江夏往蒲团上一坐,揉着酸痛的脚踝,“这个祠堂好奇怪啊,不点灯,连窗户也没有。”
段景文这才扫了眼四周,除了那扇门,四周都是木质的墙,点头道,“现在还能看到些,在晚会灯太阳落山,这里估计更黑。”
说着,他走到另一个蒲团面前,神色肃穆的双手合十,对着牌位恭恭敬敬的拜拜,随后安安静静的跪坐在上面。

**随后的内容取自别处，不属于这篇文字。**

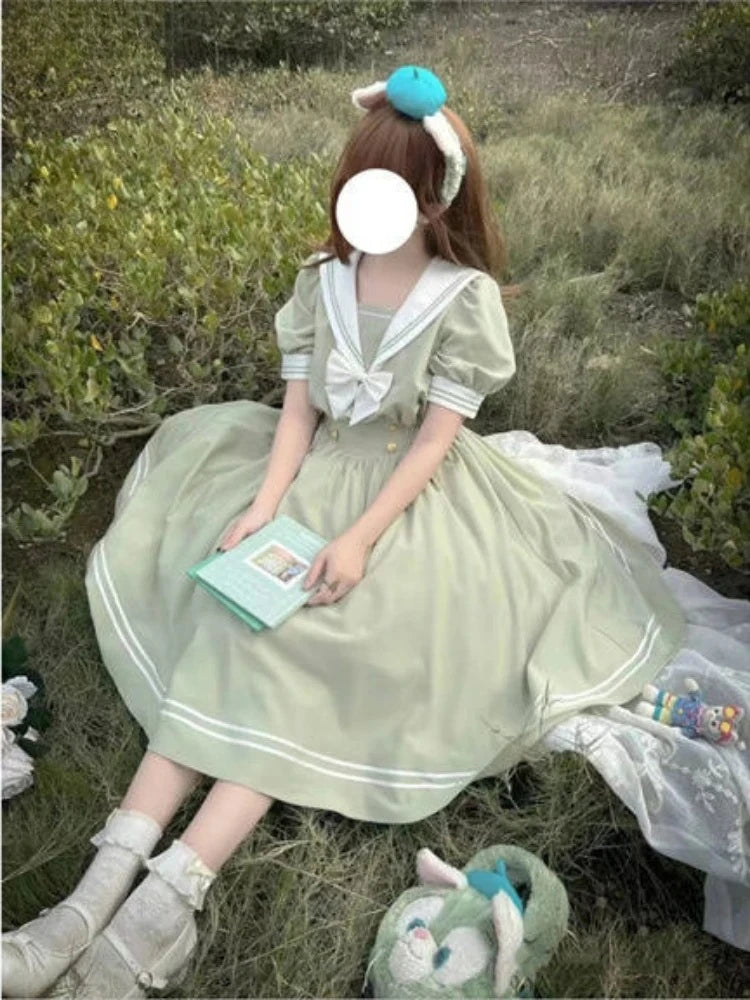 Japanese Lolita Style Puff Sleeve Dress For Women With Bow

江夏转过身子,看看段景文,猛地背后升起冷汗,“这个牌位……怎么阴森森的。”
不知是不是心理作用,江夏感觉一阵阴风吹过。
一个哆嗦,她赶紧学着段景文的样子,跪坐下来,这才稍稍心安点。
“这供奉的是谁啊?”
段景文闭着眼,不紧不慢道,“太祖。”
太祖便是开国皇帝。
段景文充其量就是黄三代。
“太祖……?”
江夏呢喃,这听着好熟悉,好像最近才有人给她说过。
好半晌,她才思索出来!
“等等!太祖不就是那个把后妃赐给北境王的先帝?”
段景文皱眉,没忍住出声警告,“谨言慎行,这就是皇爷爷的祠堂。”
江夏反应过来,赶紧磕了两个头,口中念念有词。
“皇爷爷恕罪皇爷爷恕罪!您老人家别跟我一般见识……”
段景文看着平日天不怕地不怕的江夏,忽然成了怂蛋,起了逗弄的心思。
“夏夏,”他扯了扯江夏的袖子,示意她往案板上看,“皇爷爷在那坐着,他现在很生气,说要带你下去。”
江夏心神一慌,趴在蒲团上不敢抬头,语气又快又急。
“别别别!我就是说了句浑话,您大人不计小人过……”
“噗嗤——”
段景文笑出声音。
江夏悄咪咪露出只眼睛,往案板上探了一眼,又看到段景文看戏的表情,顿时觉自己被骗了。
她心虚的直起身子,拍拍胸口,没跟段景文计较。
“你这么怕鬼?”
段景文似现了新大6,凑到江夏面前,一脸调侃。
江夏白了这人一眼,“……每个人都有怕的东西。”
说的随意,但她的心却是一紧。
从前她也不信这些,但可笑的是她居然狗血的穿越了,还碰上了行永那样的疯子。
到是信了不少。
若是这时候孟周来跟江夏讲多积些福报,她一定能听进去。
段景文不予置否,“没想到太子妃还有这么深沉的一面。”
江夏笑笑,本想说得瑟下,话到嘴边,却换了,“段景文,你有没有闻到什么味道?”
一丝若有若无的甜意在空气中散开。
段景文也闻到了这股甜味,警惕的环视了圈屋子,里面实在太黑,什么也也没看见。
提醒道,“屏住呼吸。”
他看江夏还在那使劲嗅,想靠鼻子找出味道来源。
江夏立马捂住鼻子。
但屋内处于密闭的状态,一时半会甜味是不会消散的。
江夏憋了一会便忍不住了,但她刚松开手还没一会,便忽然两眼一抹黑,倒了下去。
段景文想去扶,却一时不察自己也倒下去了。